Aplicada a la IA, esta metodología impone una disciplina de reflexión previa: antes de construir algoritmos, debemos definir la intención que los guía. Si esa intención es puramente instrumental —dominio, ganancia o poder—, los bucles de retroalimentación amplificarán esos valores. Si, en cambio, la intención busca el equilibrio, el florecimiento humano o la sostenibilidad, el propio sistema tenderá a reproducir esas virtudes.
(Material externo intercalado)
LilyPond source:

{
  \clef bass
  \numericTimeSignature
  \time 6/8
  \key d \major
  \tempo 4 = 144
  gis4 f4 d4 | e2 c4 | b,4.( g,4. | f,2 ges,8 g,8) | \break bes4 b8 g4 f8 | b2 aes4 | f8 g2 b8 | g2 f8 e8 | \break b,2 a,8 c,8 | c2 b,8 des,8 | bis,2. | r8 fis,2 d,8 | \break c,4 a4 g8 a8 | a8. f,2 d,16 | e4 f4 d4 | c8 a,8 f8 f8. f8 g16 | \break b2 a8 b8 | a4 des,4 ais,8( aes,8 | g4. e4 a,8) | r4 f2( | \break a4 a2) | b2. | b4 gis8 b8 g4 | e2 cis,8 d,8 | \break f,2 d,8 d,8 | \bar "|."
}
Así, la cibernética no opone ética y poder: las integra. Transforma la pregunta “¿debemos construir una inteligencia artificial general?” en otra más fundamental: “¿qué deseamos preservar y cómo garantizamos que el sistema se mantenga alineado con ello?”.
La intención como brújula
El pensamiento confuciano expresa esta misma idea con el concepto de ren, la bondad o conciencia moral que guía la acción responsable. Traducido a términos cibernéticos, ren es la señal ética que estabiliza el ciclo de retroalimentación: sin ella, todo sistema —mecánico o social— tiende al caos.
El debate occidental sobre la “alineación” de la IA intenta resolver este problema moral mediante programación. Pero la ética cibernética propone algo más profundo: alinear la intención humana antes de codificar el algoritmo. No se trata de moralizar a la máquina, sino de purificar las motivaciones de sus creadores.
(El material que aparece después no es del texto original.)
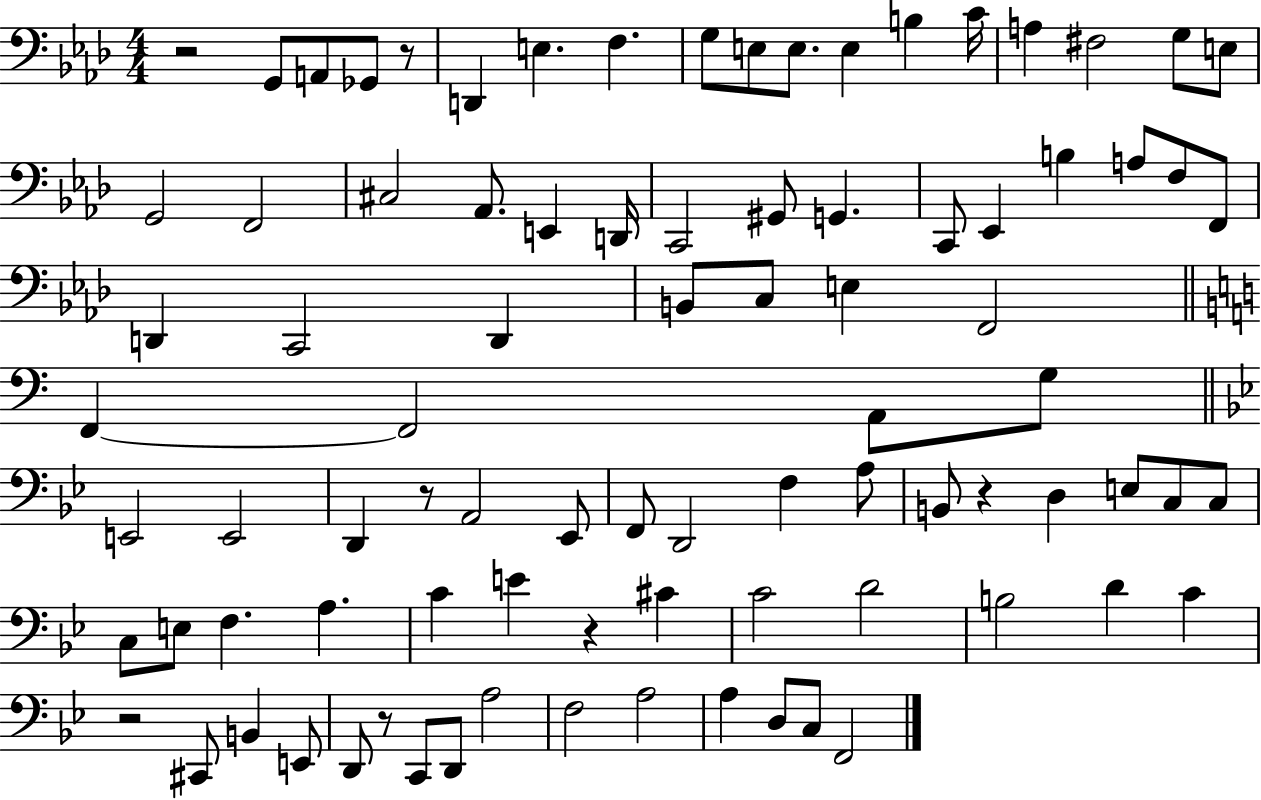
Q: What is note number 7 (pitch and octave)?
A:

Hacia una cibernética planetaria

El temor occidental a ser superado por la IA refleja una pérdida de confianza en la capacidad humana de liderazgo. La calma china expresa lo contrario: la fe en la coordinación sistémica. Ambas visiones, sin embargo, son incompletas.
Lo que realmente importa no es quién controla la IA —si el individuo o el Estado—, sino cómo se estructura el sistema de control: si es transparente, retroalimentado y éticamente consciente.
Las actitudes divergentes de Occidente y China podrían derivar en una fractura civilizatoria: una cultura paralizada por la ansiedad moral frente a otra impulsada por la ambición pragmática. Pero también podrían complementarse. Occidente aporta la vigilancia ética; China, la previsión sistémica.
El desafío del siglo XXI es fusionar ambas en una cibernética planetaria de la intención: un modelo de gobernanza global que reconozca la dimensión humana de la tecnología sin renunciar al realismo pragmático. Solo así la inteligencia artificial podrá servir no al poder ni al lucro, sino al equilibrio de la civilización.